The author (hereafter N.) collected data for ten years from wide, scattered and varied sources. N. wished to understand “more fully how Socrates interacted with others” (p. xi) and to provide useful information for “those who teach and research the philosophy of Plato” (p. xxxvii). She divides the book into three areas: some introductory material (pp. xi-xlviii), the entries (pp. 1-306), and appendices (pp. 307-367). A glossary of Greek and specialized English terms follows as well as a collection of indexed maps (pp. 401 ff., after the bibliography). The organization is sharp, the typeface attractive, detailed genealogies and other timelines are lucid and effectively placed within the text.

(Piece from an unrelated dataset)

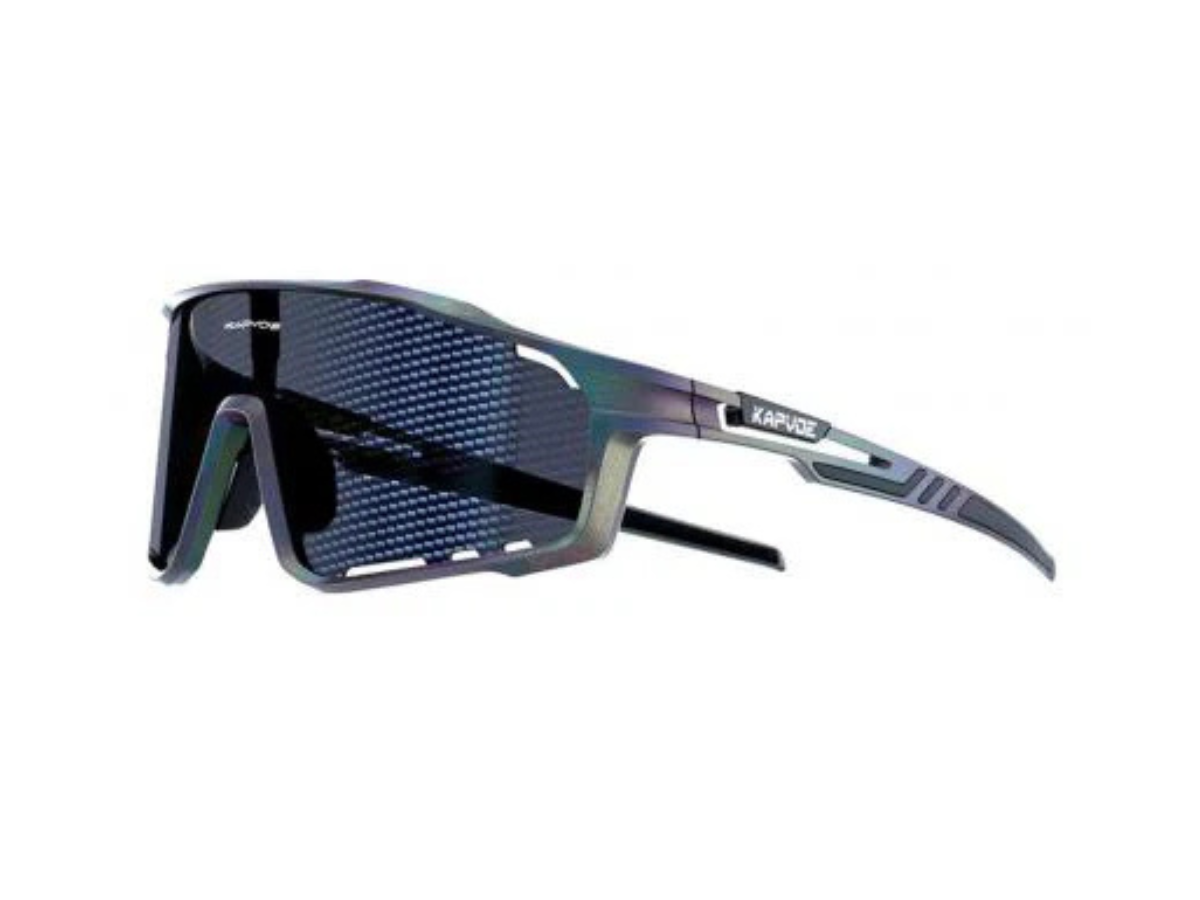 Kapvoe Knight Nano Lens Sports Glasses knight phantom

N. does not list fictional or absent persons1 and does not discuss symbolism or etymology. She concentrates on “the genuine and spurious dialogues and letters of Plato and other authors of Socratic logoi.”2 She includes “historical persons who appear or are mentioned as alive or recently deceased, prominent family members of these persons, the homonyms with whom they are often confused, and a few additional individuals whose works or lineage help to clarify aspects of the lives of others” (p. 1). She consulted a vast array of sources from inscriptions to secondary literature but does not discuss the fourth century in any detail nor is she comprehensive through late antiquity.

N. correctly notes that Plato “wrote about real people — some of them still active and living in Athens — people with reputations, families, neighbors and political affiliations, people who show up elsewhere in the existing historical record: lampooned in comedies, called as witnesses, elected to office, being sold, marrying, buying property, traveling, dying … without whom Plato’s dialogues would be denatured” (p. xxxvii-xxxviii).

The supplied dramatic-historical context indeed deserves more attention as it also cuts across other areas. Plato’s use of festivals in the staging of his dialogues, for example, provides several avenues for interpretative exploration. Many dialogues have prominent celebrations that serve as precise settings, are part of the background, or are referenced for some purpose in a conversation: the Anthesteria ( Lysis); Bendideia ( Republic); Lenaea ( Symposium); Great Panathenaea ( Parmenides); Lesser Panathenaea ( Timaeus-Critias); Olympia ( Hippias Major and Minor); Asclepieia ( Ion); and Delia ( Phaedo) — the last, by implication, would include the Euthyphro, Apology, and Crito as well as the Theaetetus, Sophist, and Statesman (and possibly the Cratylus too). In the Timaeus-Critias, for example, the elder Kritias uses the occasion of the Panathenaea to highlight certain aspects of an initiation festival (Apatouria), and the Symposium, which occurs at a second celebration after Agathon’s first victory during the Lenaea, has many complex allusions to the Eleusinian Mysteries — another festival of “initiation.” As N. notes in her entry, the family of Kallias son of Hipponikos had a crucial role in this festival to Demeter.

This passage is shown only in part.